■ Work order
Drop the images, then output the listing exactly.

■ Records shown
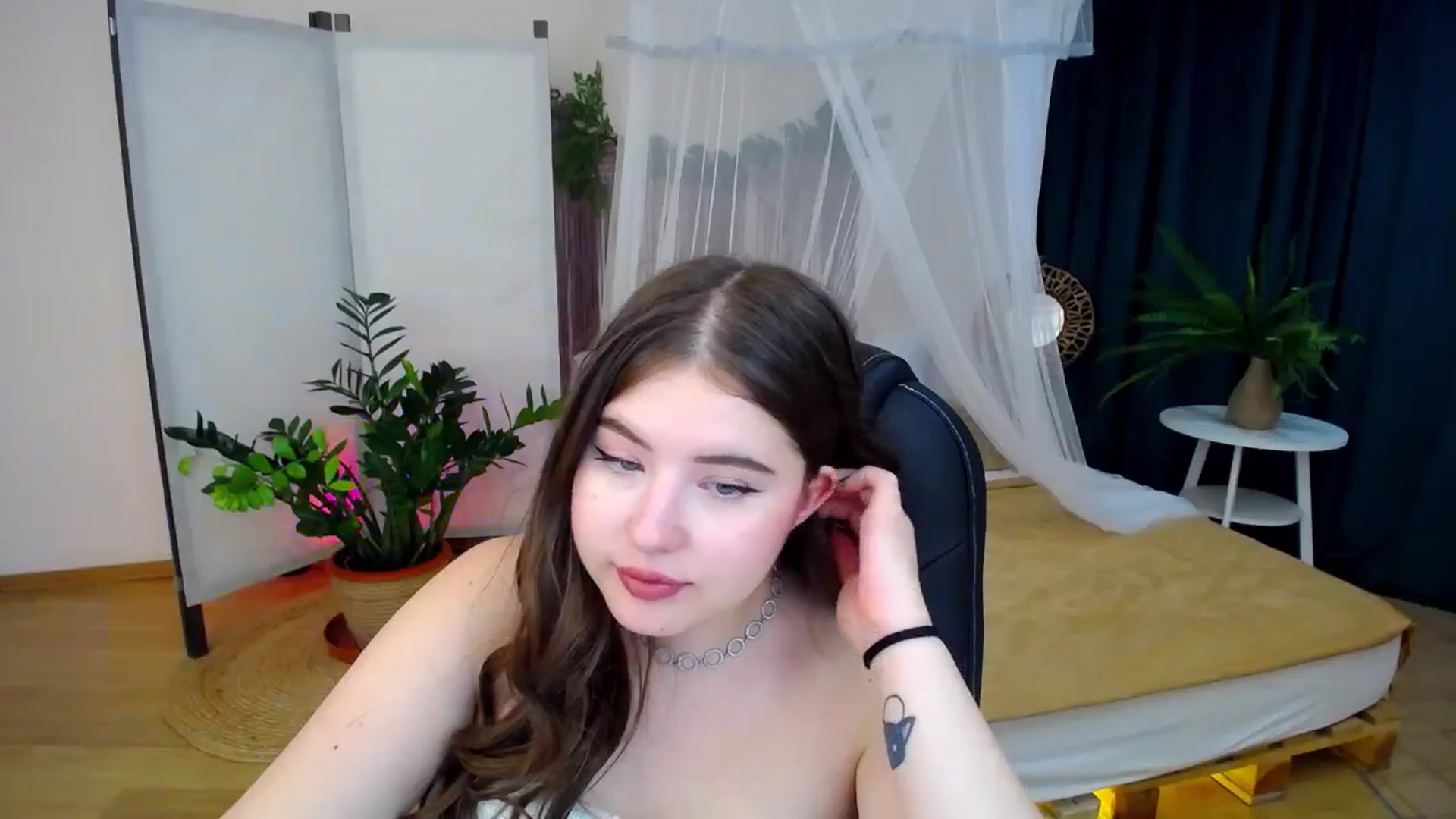 Gallery image thumbnail from AdmireMyEyes's myfreecams stream on, 09/13/2024, 07:36 image 3 of 20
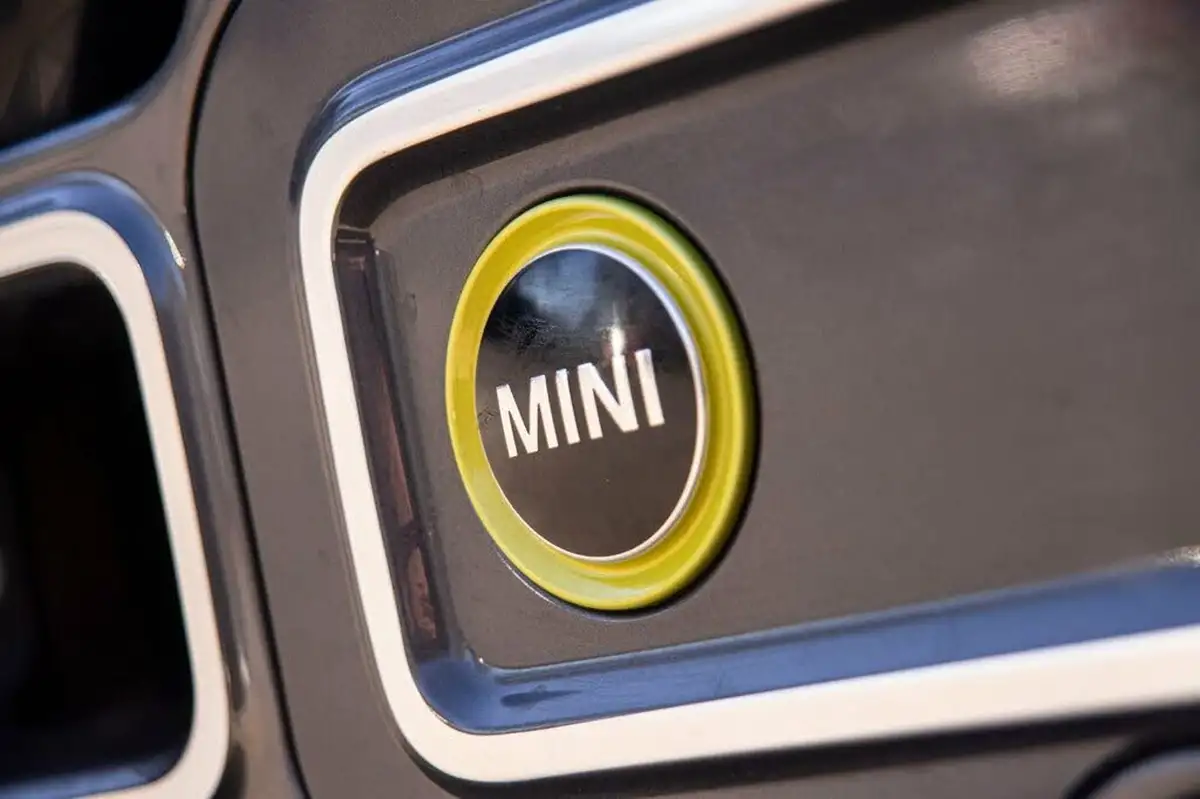 2021-mini-cooper-e-cooper-s-1-big-35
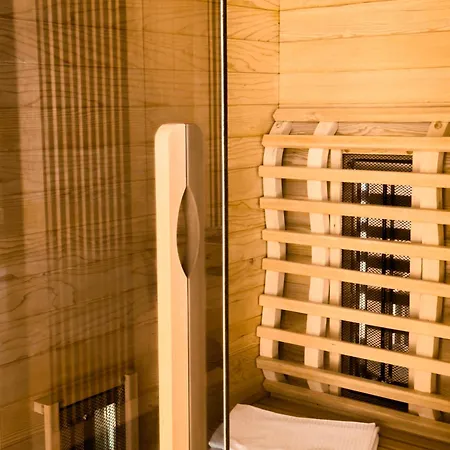 Twin Premium Aparthotel *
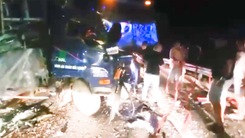 Video: Xe khách tông trực diện xe tải trên đường cao tốc, tài xế mắc kẹt trong cabin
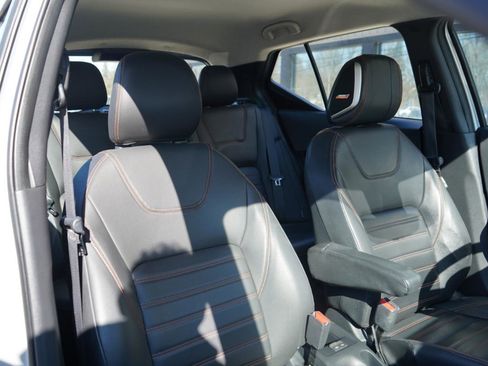 Used 2020 Nissan Kicks SR w/ SR Premium Package image 61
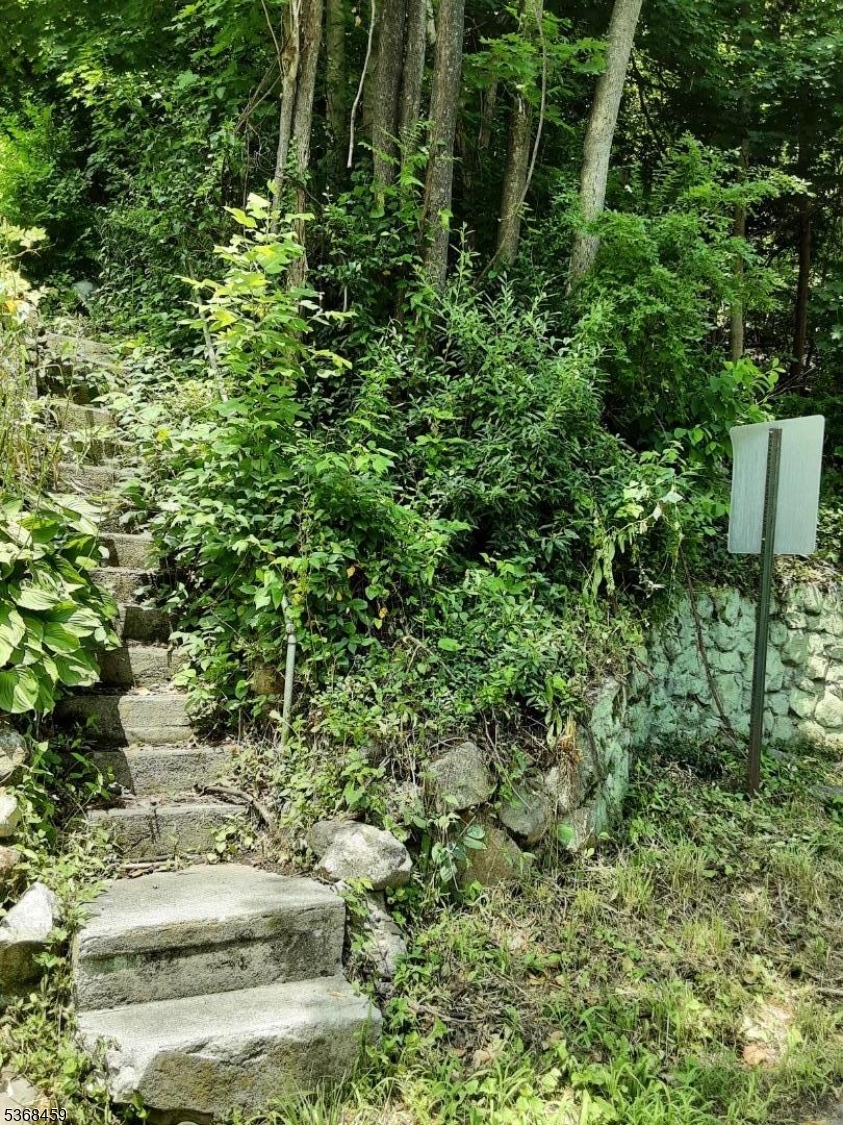 178 Lakeside Dr
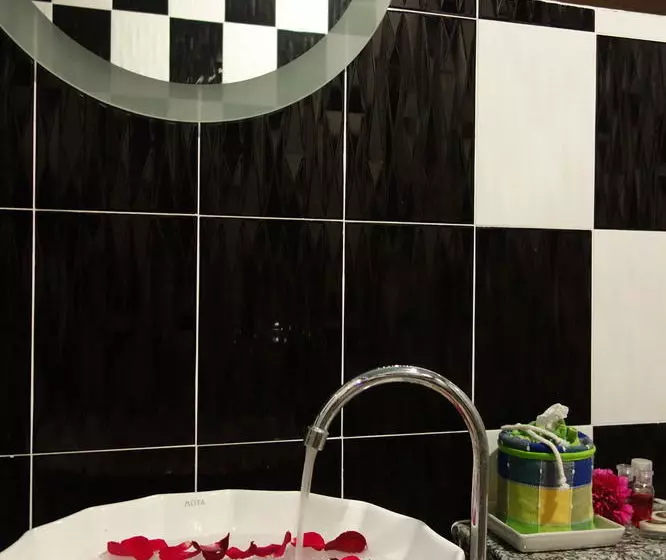 فندق Airport Phuket Garden Resort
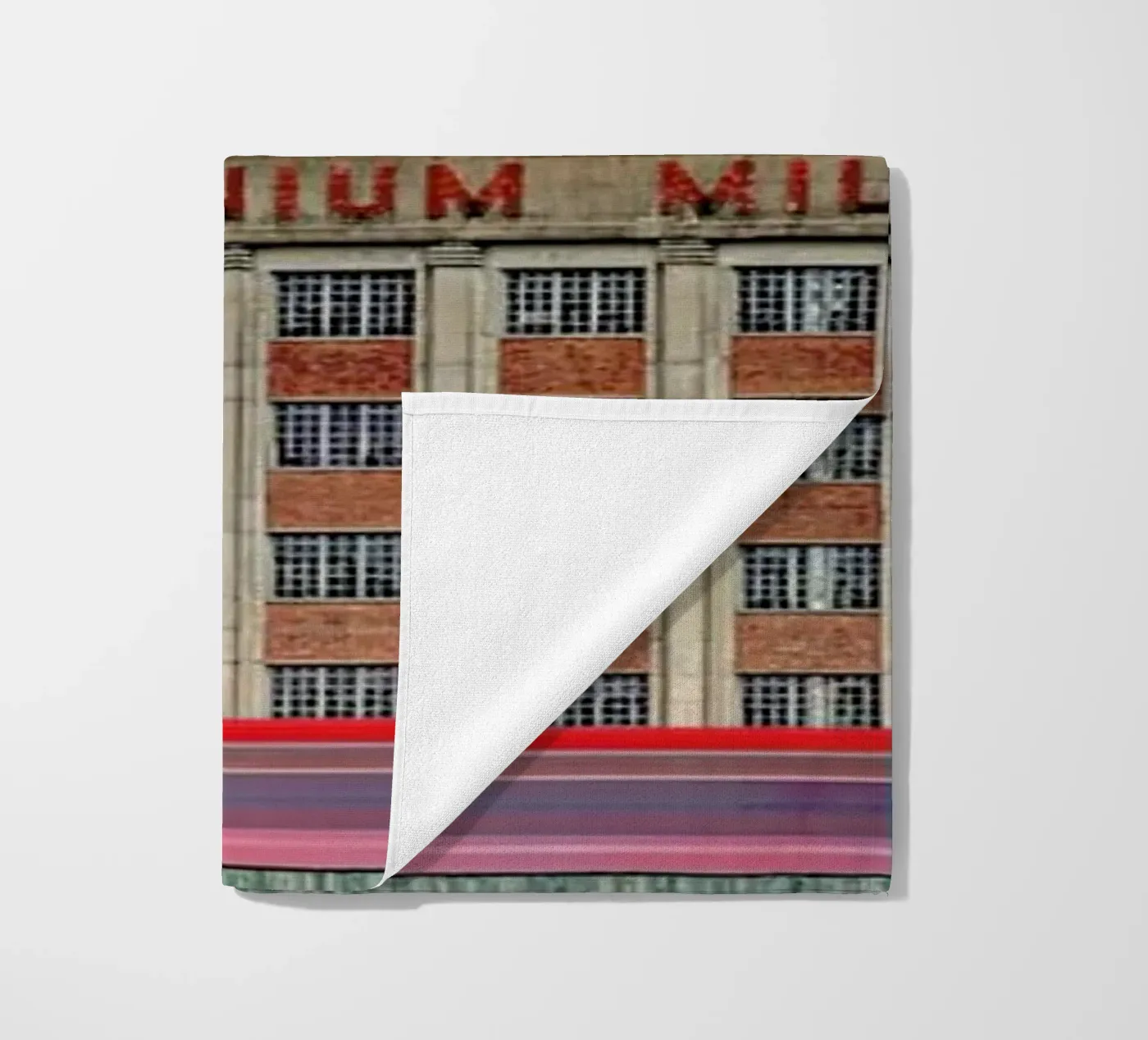 Millenium Mills Strandtuch von Michael Belhadi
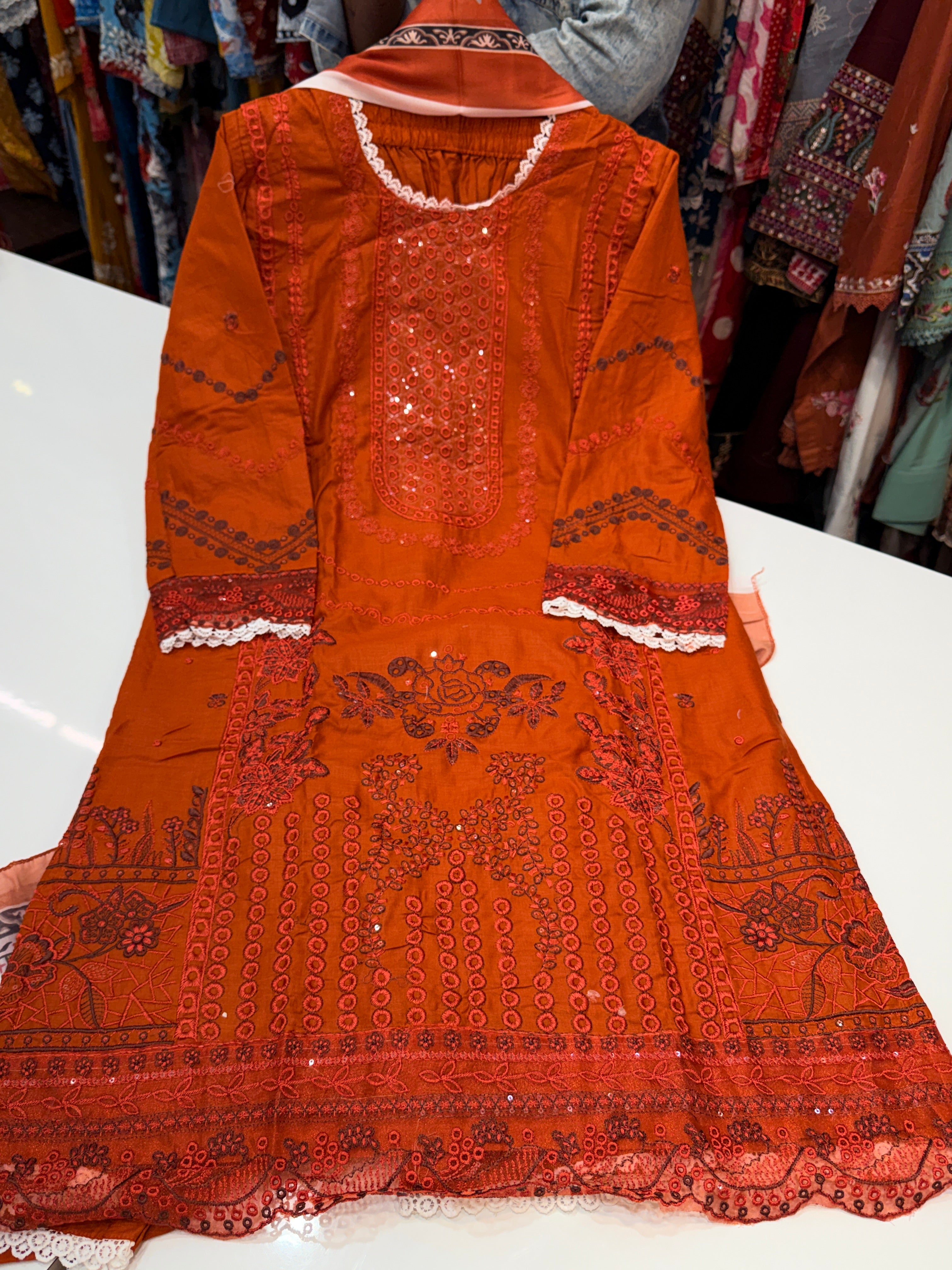 🏷️Stock clearance sale Pure cotton with heavy embroidery & cotton printed dupatta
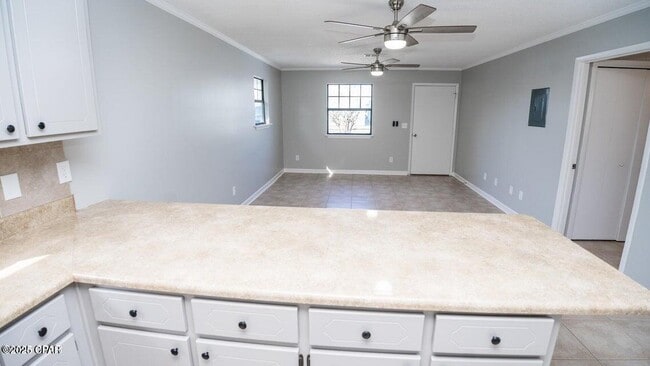 Building Photo - 247 Poinsettia Dr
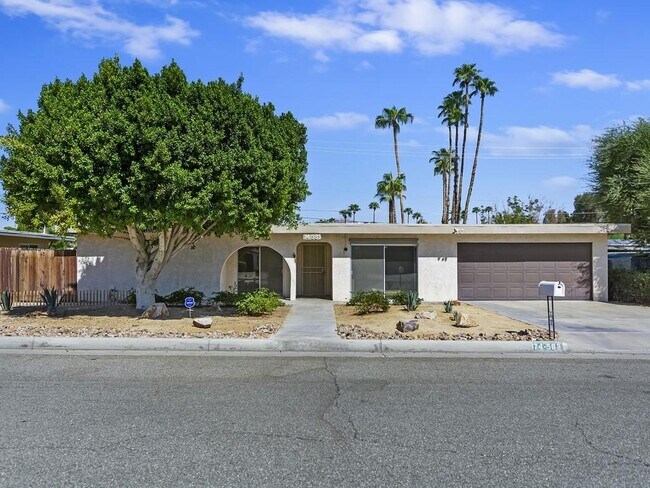 Foto del edificio - 74582 Candlewood St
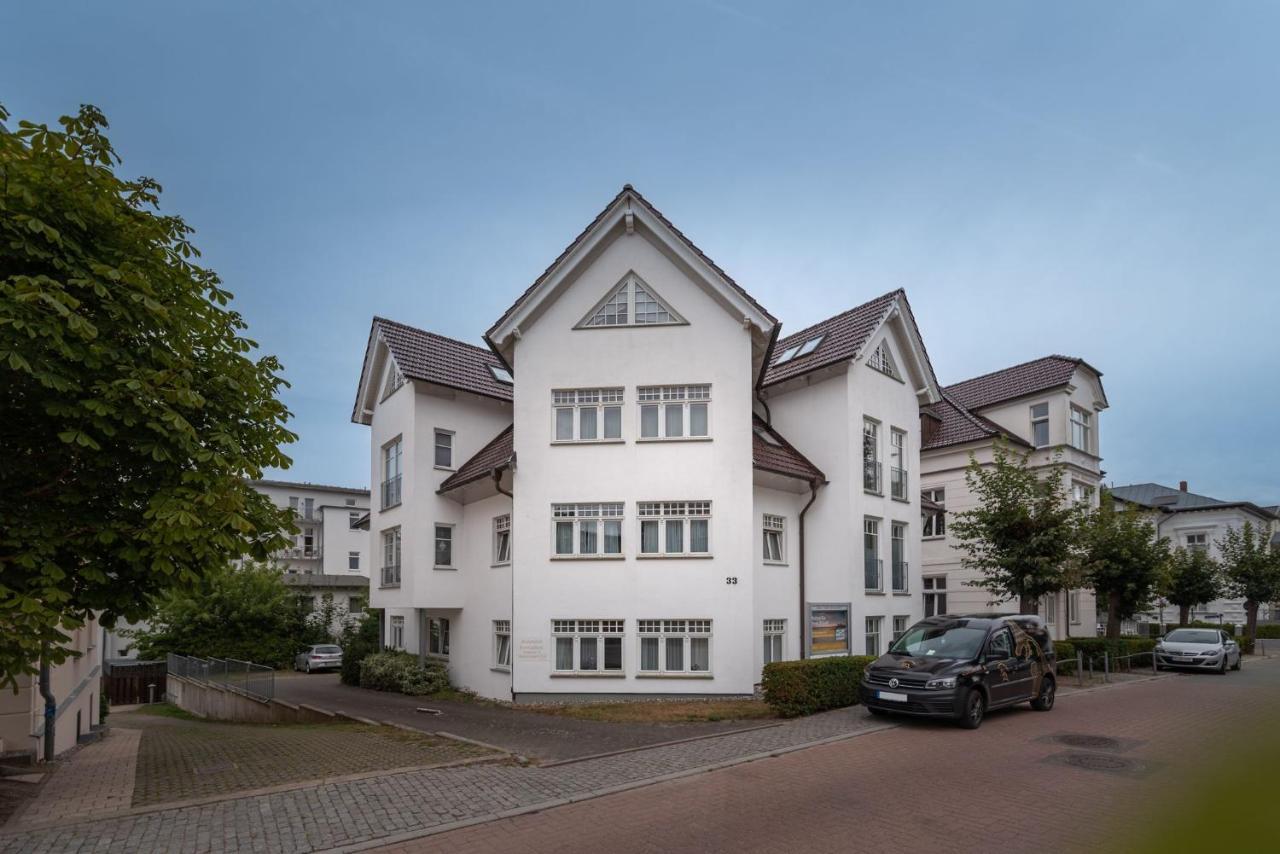 Schloss Hohenzollern - Appartement 07 هيرينجسدورف المظهر الخارجي الصورة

■ Solution to this problem
 Gallery image thumbnail from AdmireMyEyes's myfreecams stream on, 09/13/2024, 07:36 image 3 of 20
 2021-mini-cooper-e-cooper-s-1-big-35
 Twin Premium Aparthotel *
 Video: Xe khách tông trực diện xe tải trên đường cao tốc, tài xế mắc kẹt trong cabin
 Used 2020 Nissan Kicks SR w/ SR Premium Package image 61
 178 Lakeside Dr
 فندق Airport Phuket Garden Resort
 Millenium Mills Strandtuch von Michael Belhadi
 🏷️Stock clearance sale Pure cotton with heavy embroidery & cotton printed dupatta
 Building Photo - 247 Poinsettia Dr
 Foto del edificio - 74582 Candlewood St
 Schloss Hohenzollern - Appartement 07 هيرينجسدورف المظهر الخارجي الصورة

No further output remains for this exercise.